**Work instructions:**
In the entries that follow, repeat exactly the lines from the one that has "de José Antonio" through the one that has "T-shirt Adulte Chocolat Foncé Gildan-1", but omit pictures.

Start of The input

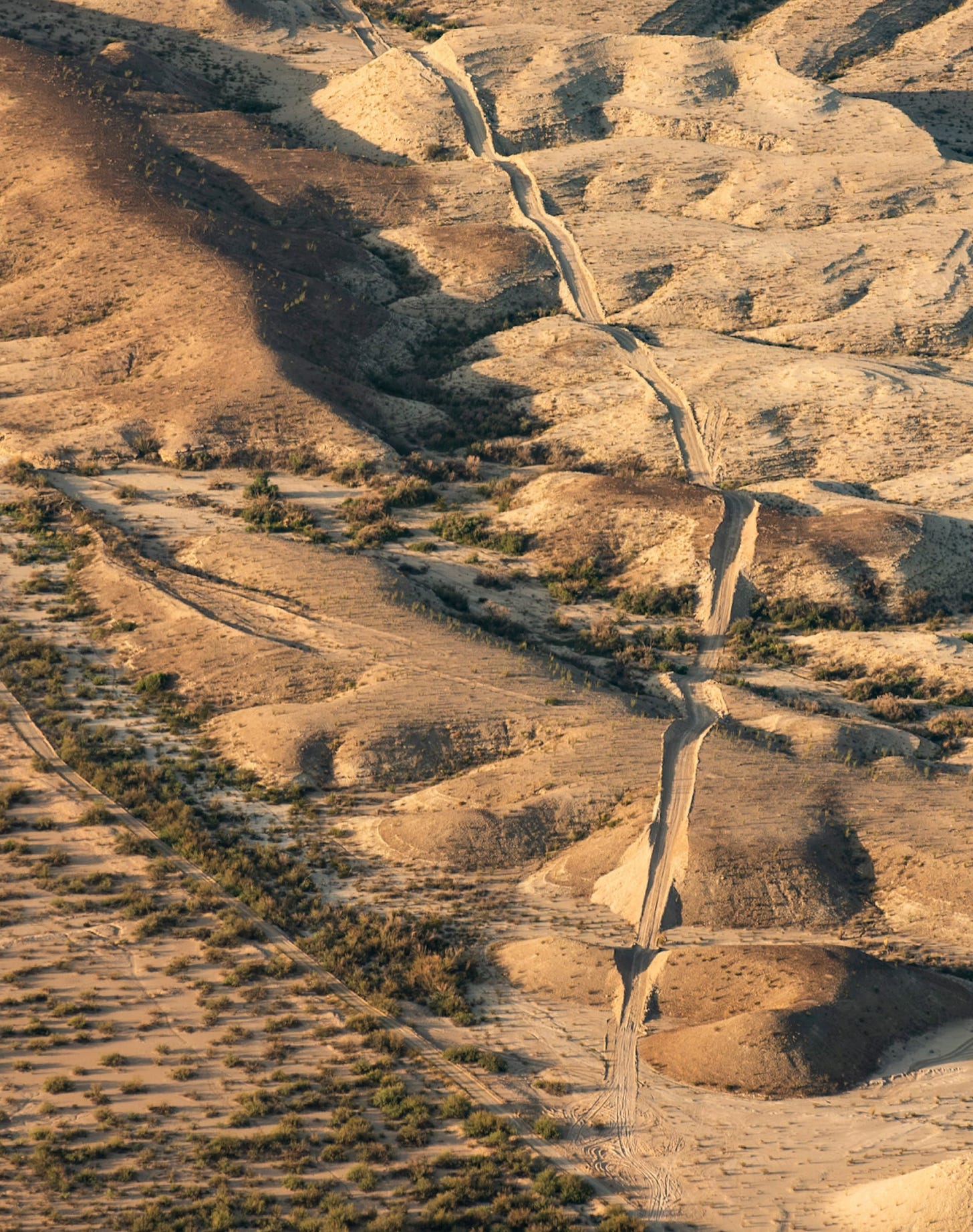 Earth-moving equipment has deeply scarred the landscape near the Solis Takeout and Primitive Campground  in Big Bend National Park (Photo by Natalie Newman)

End of The input
Start of The input

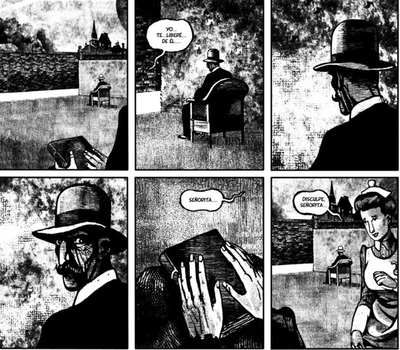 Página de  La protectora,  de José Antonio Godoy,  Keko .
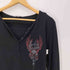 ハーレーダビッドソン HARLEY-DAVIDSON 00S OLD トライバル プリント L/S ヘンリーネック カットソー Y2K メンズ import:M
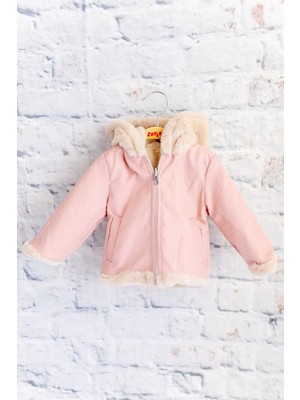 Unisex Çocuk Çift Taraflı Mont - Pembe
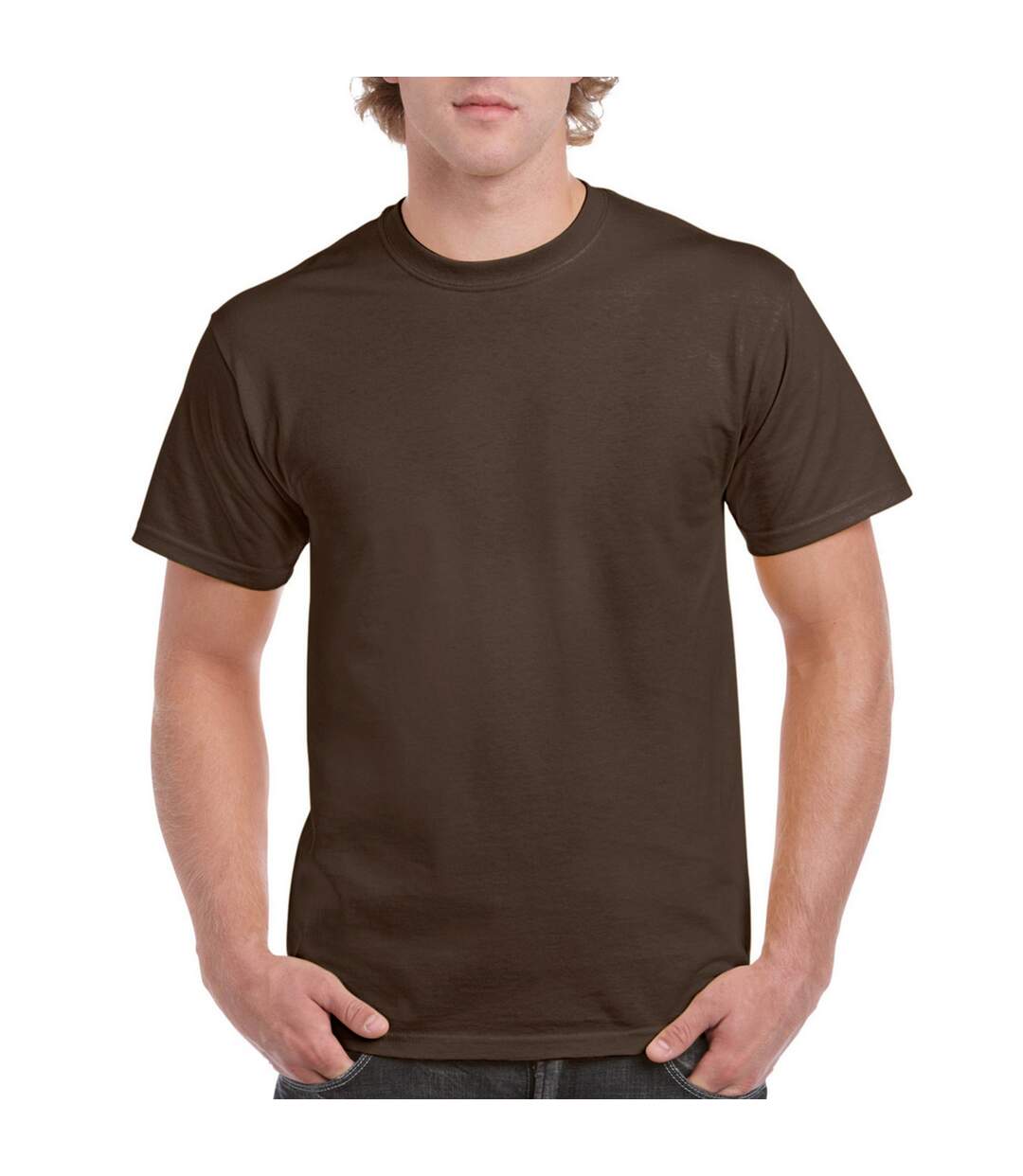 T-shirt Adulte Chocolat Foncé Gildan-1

End of The input

**Exercise response:**
 Página de  La protectora,  de José Antonio Godoy,  Keko .
 ハーレーダビッドソン HARLEY-DAVIDSON 00S OLD トライバル プリント L/S ヘンリーネック カットソー Y2K メンズ import:M
 Unisex Çocuk Çift Taraflı Mont - Pembe
 T-shirt Adulte Chocolat Foncé Gildan-1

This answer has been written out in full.